“I am in the midst of lions;
I lie among ravenous beasts—
men whose teeth are spears and arrows,
whose tongues are sharp swords.” Psalm 57
Taking writing courses can be tough if you don’t have material. “What am I going to write about?” is often the most perplexing question students face—even college students—through an entire semester, which is why most teachers make assignments. For years I sprung the same one on students on the first day of class: in 500 words or so, go back to middle school and describe and define your “nemesis.”
It’s a winner because everybody has one. The moment I say the word nemesis, eyes light up. Somewhere through junior high, every one of us felt like killing the kid we thought of as the boss or the snob, the bully or the hot shot, maybe the teachers pet. We’ve all had a nemesis.

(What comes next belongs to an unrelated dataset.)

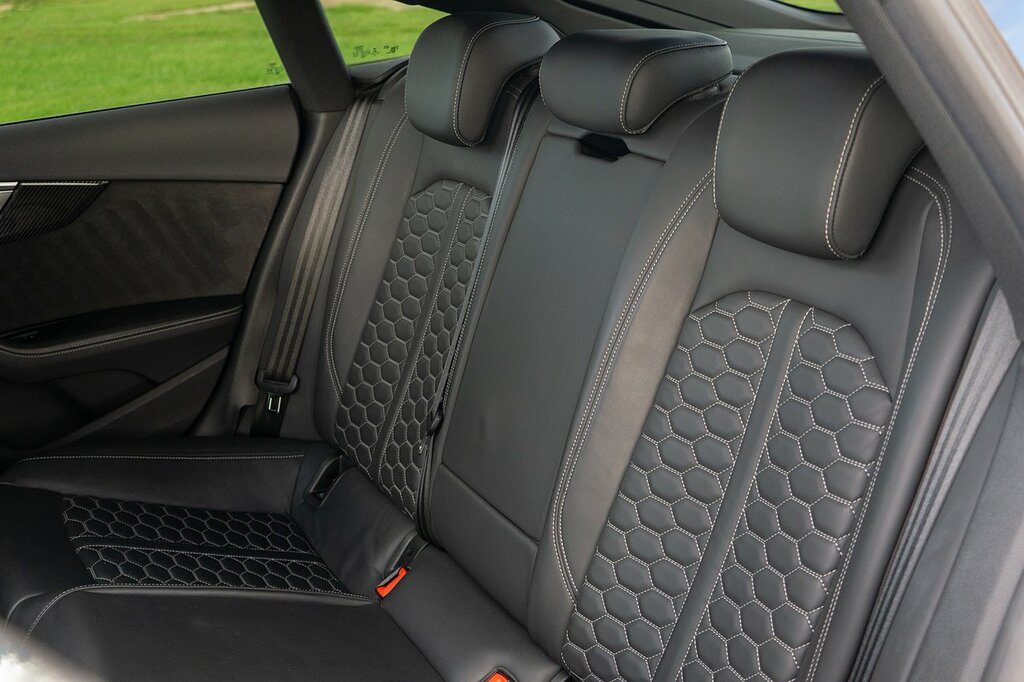 Audi RS5 Rs 5 Tfsi Quattro Carbon Black Tiptronic Grey #45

Sometimes I’d give those essays to my colleagues in the Education Department, who used the stories in class to make sure future teachers remembered that school can be torture, and often is. It’s a wonder some of us ever make it out of middle school. Those essays could make a ton of young parents think seriously about home-schooling. Only once in twenty years did a student confess to being the bugger herself.
One story I’ll never forget. Its rising action is universal—little girl gets on the bus every day, teeth chattering, scared to death of the bully, an overgrown fourth or fifth-grade girl who makes her life miserable. I don’t remember the facts, but they’re all alike—mental abuse, physical abuse, even sexual abuse. It’s not pretty. Think the worst.

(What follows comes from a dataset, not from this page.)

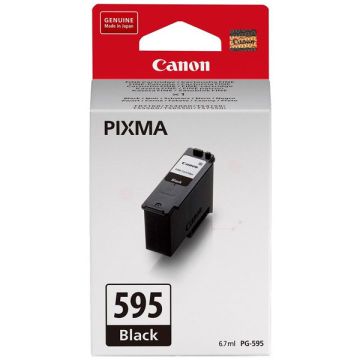7171C001 / PG-595 - cartouche de marque Canon - noire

But this story didn’t end there. Years later, this student, a junior in college, goes to a beautician to get her hair done and gets assigned a woman she recognizes as the satanic figure on the neighborhood bus. Chills flash up and down her spine, but she takes the chair, and the two of them start to talk, laugh. Eons have passed, of course, and neither of them are who they were. And yet both of them are.
The hairdresser takes a snip or turns or curl or whatever hairdressers do, then, out of nowhere, says, “I’m really sorry for who I was way back then.”

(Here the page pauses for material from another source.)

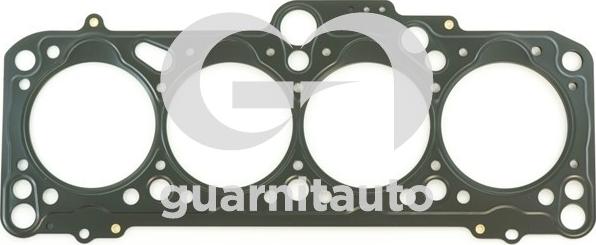 Guarnitauto 104742-5252 - Прокладка, головка циліндра autocars.com.ua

Blew my student away, she said, and that’s the story she wrote, the only one I’ll never, ever forget.
For the record, that’s an argument against home-schooling.
I find it amazing that the attribute David first notes in his assessment of his fierce and overpowering enemy isn’t size or ferocity or tonnage. After all, Saul was a giant, an all-pro tight end, the kind of physical specimen just about anybody would want for a king.
We don’t know a great deal about David’s pecs and abs, but we know he was a mouse as a boy. But then, with buff Saul threatening one’s life, most of us would be bloody scared.
Just exactly what he meant by “their teeth being spears” isn’t exactly clear, at least to me; but the next simile is transparent. If their “tongues are sharp swords,” what he’s telling us is that his enemies cut him to shred with their words, which is itself imaginative language since no one actually bleeds when people say bad things about us. But it’s almost hard to say that, isn’t it?—“no one bleeds when people say bad things.” We all do. Okay, not literally. But we all do. Everybody had a nemesis. Some still do.
It’s not sticks and stones for David, it’s words. And maybe he’s right: the worst we can suffer is a shard of something hateful cutting through the tender fabric of our own very human heart.